6:15 PM - 7:30 PM
[SCG64-P12] Microstructure analysis of earthquake-induced deposits associated with the 2004 off Kii Peninsula earthquakes
Keywords:turbidity current, anisotropy of magnetic susceptibility, X-ray CT, event deposit
The result of the Cs-137 and Pb-210 measurements indicates that the upper 17-cm mud layer was deposited immediately after the 2004 off Kii Peninsula earthquakes (Ashi and others, in this Session). We herein investigate the characteristics of the earthquake-induced deposits based on several measurements including their compositions, grain sizes, X-ray CT images, and anisotropy of magnetic susceptibility (AMS).
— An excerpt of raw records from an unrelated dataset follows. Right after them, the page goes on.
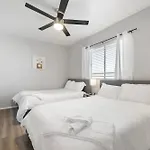 Modern 2B1B Hideaway In Old Town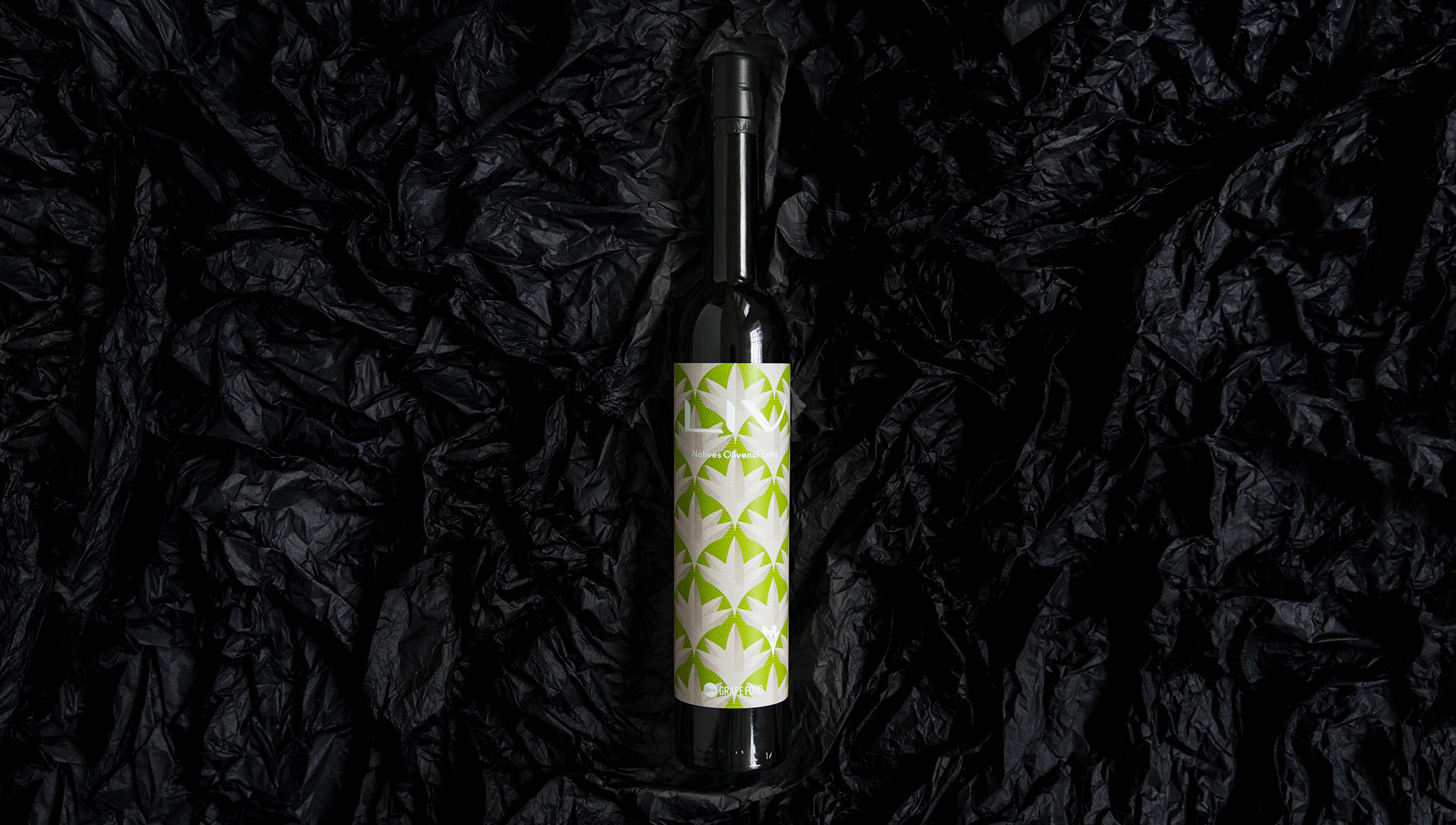 LIV – Kroatisches Olivenöl, Consumer Branding, Package Design, Illustration, Lettering von ELLIJOT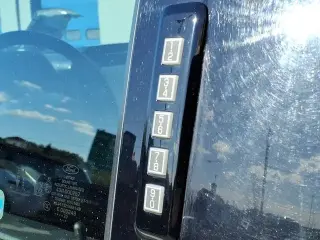 Ford F-150 2023 4x4 Lariat 4dr SuperCrew 6.5 ft. SB
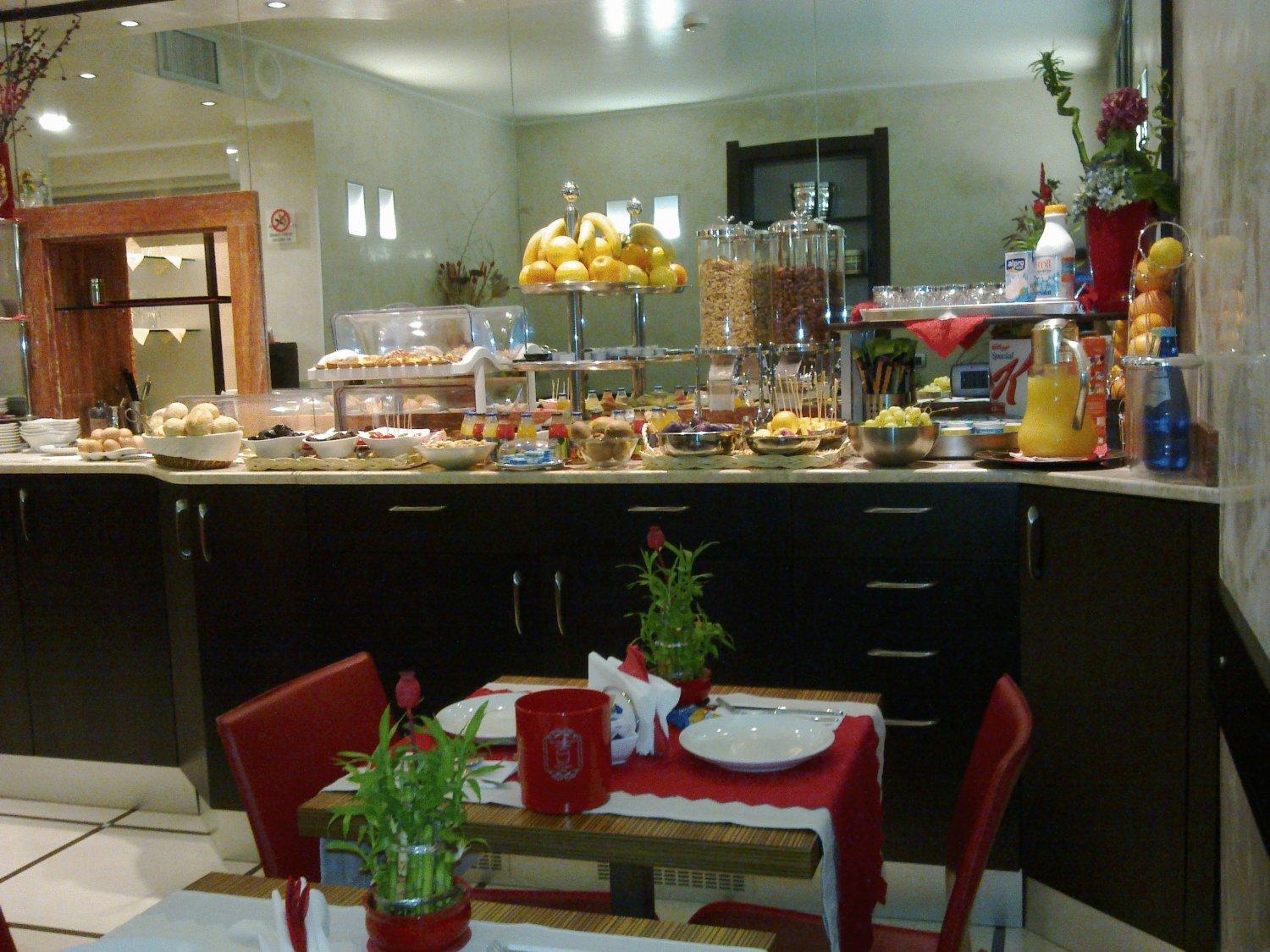 Hotel Susa - Photo 25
We observed a very thin fine-grained sand layer of 6 mm thick at 17 cm below seafloor and a massive mud below it on the core split section. On the other hand, the X-ray CT image shows seven silty clay laminations thinning upwards at 6 -15 cm below seafloor, and homogeneous clayey silt above it. The AMS parameters decrease upwards in the interval showing parallel/cross laminations and the lowest value is measured in the overlying silt layer, whereas grain sizes have no significant change. These results indicate that the upper 17 cm layer beginning from the very fine-grained sand can be interpreted to be formed by a low-density sediment gravity flow. Below the depth of 17 cm, the deposition is mainly composed of muddy sediments with a wood chip-enriched thin bed and a very fine-grained thin sand layer at the depth of 32 cm. Structural observations by X-ray CT scanner reveal characteristic structures yielding various orientation oblique to bedding plane at the mud layer 17 cm below seafloor, suggesting that the structure is likely formed by coseismic deformation accompanied by the earthquake in 2004 or earlier ones. Magnetic fabrics derived from AMS measurements and the structure observed by X-ray CT scanner also agree to this picture.